Sluiting koopwoning na hennepkwekerij 42 hennepplanten niet toegestaan

Bij het aantreffen van een hennepkwekerij in een koopwoning, kan de burgemeester besluiten om de woning te sluiten. In deze zaak ging het om een koopwoning,alwaar op 6 januari 2014 een doorzoeking had plaatsgevonden in verband met een vermoeden van overtreding van de Opiumwet. Bij de doorzoeking zijn 42 hennepplanten aangetroffen en meerdere goederen voor het kweken van hennep, zoals combilampen, een koolstoffilter en tijdschakelaars. De burgemeester heeft naar aanleiding hiervan de sluiting van de woning van verzoeker gedurende drie maanden als last onder bestuursdwang opgelegd. De rechter was het hier niet mee eens, en schorste deze beslissing van de burgemeester, nu de gemeente de risico’s voor de omgeving niet aannemelijk had gemaakt en geen afdoende belangenafweging gemaakt.

Grondslag sluiting koopwoning

Op grond van artikel 13b, eerste lid, van de Opiumwet, is de burgemeester bevoegd tot oplegging van een last onder bestuursdwang indien in woningen of lokalen dan wel in of op bij woningen of zodanige lokalen behorende erven een middel als bedoeld in lijst I of II wordt verkocht, afgeleverd of verstrekt dan wel daartoe aanwezig is.

Evenredigheids- en gelijkheids-, en motiveringsbeginsel

Door de advocaat van de huiseigenaar was aangevoerd dat de gemeente voor de uitvoering van de bevoegdheid krachtens artikel 13b, eerste lid, van de Opiumwet geen beleidsregels heeft vastgesteld en gepubliceerd, terwijl daaraan in de media en in de beschikbare stukken wel aan wordt gerefereerd door verweerder. Verzoeker heeft gesteld dat dit in strijd is met de zorgvuldige voorbereiding van het nemen van besluiten, alsmede in strijd is met het vertrouwensbeginsel, omdat er bij verzoeker niets bekend is over de wijze van handhaving van verweerder in dit soort situaties. Verder is aangevoerd dat geen sprake is geweest van een op de omstandigheden van het geval toegespitste motivering.
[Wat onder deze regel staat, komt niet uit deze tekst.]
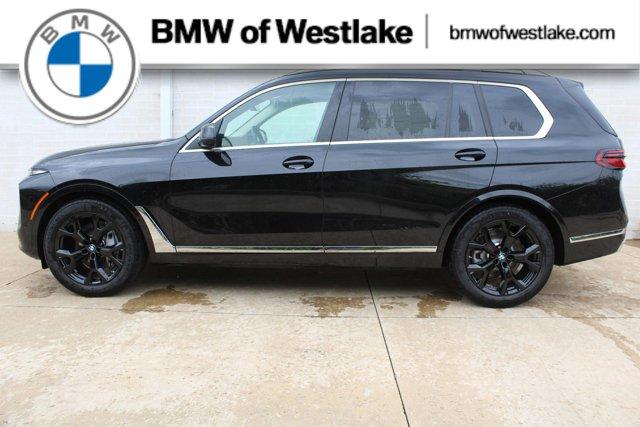 new 2025 BMW X7 car, priced at $90,595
Dat verweer werd nog verworpen door de rechter. Volgens de voorzieningenrechter heeft de gemeente bij het uitoefenen van zijn bevoegdheid op grond van artikel 13b, eerste lid, van de Opiumwet beleidsvrijheid, waardoor de rechter de invulling van die bevoegdheid door de burgemeester daarom terughoudend moet toetsen.
Van een verplichting tot het vaststellen van beleidsregels ten aanzien van het gebruikmaken van de bevoegdheid tot handhaven is  geen sprake in dit geval, zo overweegt de voorzieningenrechter.. Dat er beleidsregels in voorbereiding zijn maakt niet dat die nu al bekend gemaakt kunnen worden.

Wel moet bij een besluit tot toepassing van artikel 13b, eerste lid, van de Opiumwet volgens de voorzieningenrechter sprake zijn van eerbiediging van het evenredigheids- en gelijkheidsbeginsel en dient een dergelijk besluit voorzien te zijn van een deugdelijke motivering, waarbij de door verweerder gemaakte belangenafweging inzichtelijk wordt gemaakt. De voorzieningenrechter verwijst in dit verband naar de uitspraak van de AbRS van 11 december 2013 (vindplaats: ECLI: NL:RVS:2013:2365).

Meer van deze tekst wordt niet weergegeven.